### DIRECTIONS FOR THIS TASK
Each line of data below is to be returned exactly, leaving out any picture.

### DATA EXTRACT
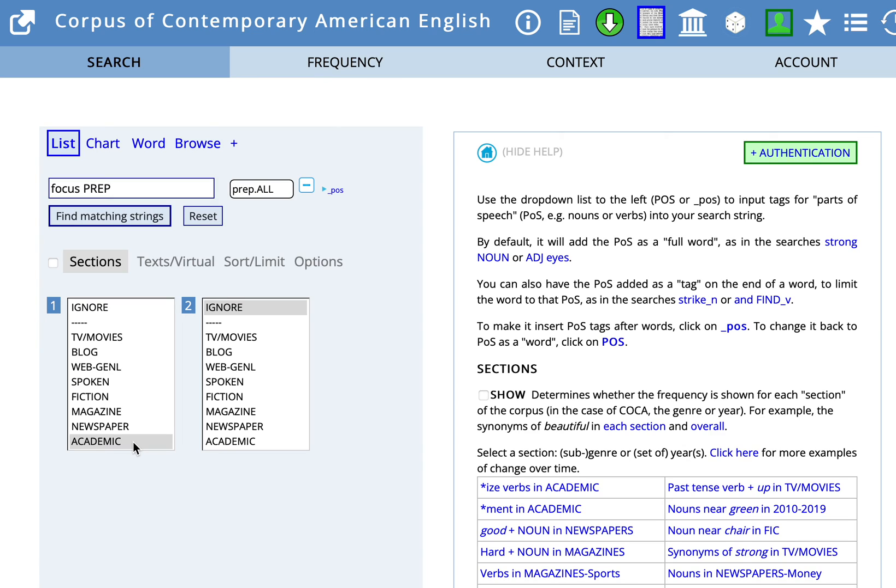In our tutorial today, we've examined how you can use COCA to look at what words might work together — how writers use particular words together. Collocates. I hope you'll try some searches and experiment with these possibilities on your own.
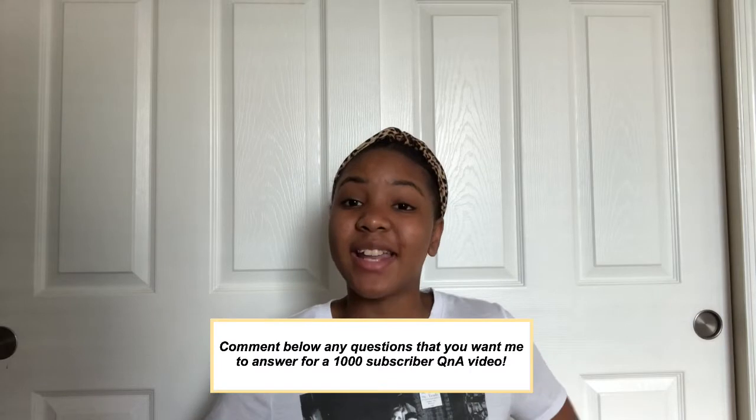Before we get on with this video, I want to tell you guys that I am very very close to 1,000 subscribers. I think by the time this is uploaded I will be at around 990, but I am planning to do a 1,000 subscriber special that will include a Q&A. I want to hear some questions that you guys have for me so I can answer them hopefully in the next video. So without any further ado, let's get on to the video.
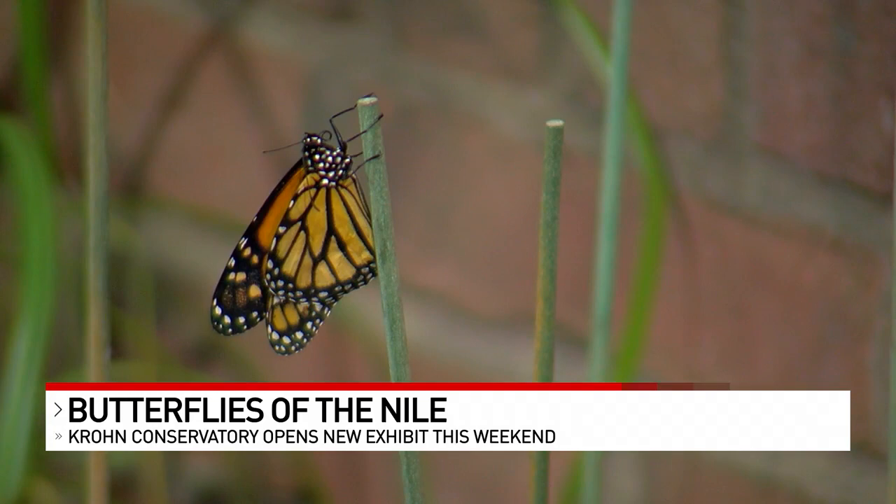Over the next three months, 16,000 butterflies of 100 different species will fly through the conservatory. Crone is open from 10 to 8. The butterfly show runs through June 19th. They're so pretty.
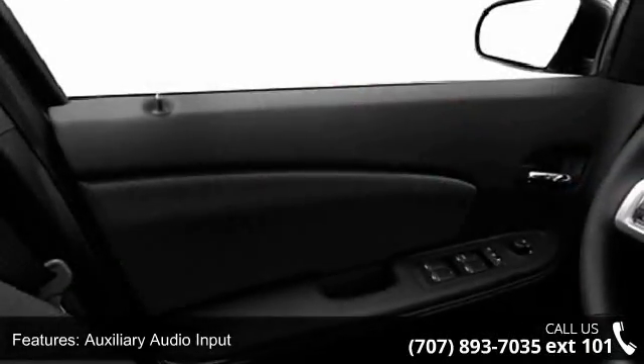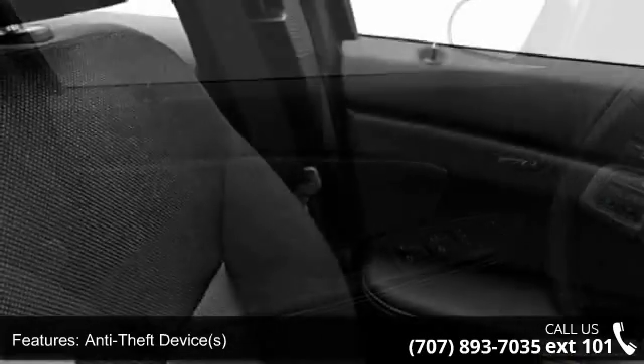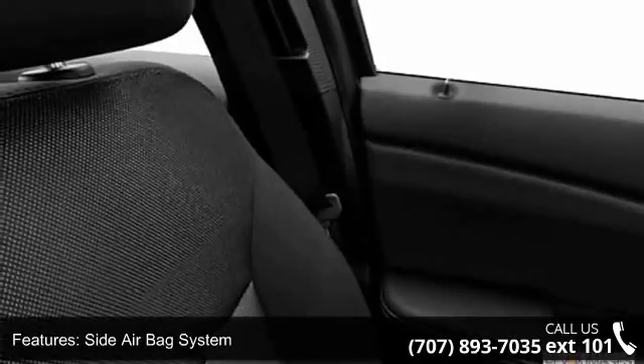Low mileage is an important factor in your purchase and this vehicle delivers a low odometer reading. This car won't be available much longer. Call now to schedule a test drive at our dealership.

### RESULT OF THIS EXERCISE
In our tutorial today, we've examined how you can use COCA to look at what words might work together — how writers use particular words together. Collocates. I hope you'll try some searches and experiment with these possibilities on your own.
Before we get on with this video, I want to tell you guys that I am very very close to 1,000 subscribers. I think by the time this is uploaded I will be at around 990, but I am planning to do a 1,000 subscriber special that will include a Q&A. I want to hear some questions that you guys have for me so I can answer them hopefully in the next video. So without any further ado, let's get on to the video.
Over the next three months, 16,000 butterflies of 100 different species will fly through the conservatory. Crone is open from 10 to 8. The butterfly show runs through June 19th. They're so pretty.
Low mileage is an important factor in your purchase and this vehicle delivers a low odometer reading. This car won't be available much longer. Call now to schedule a test drive at our dealership.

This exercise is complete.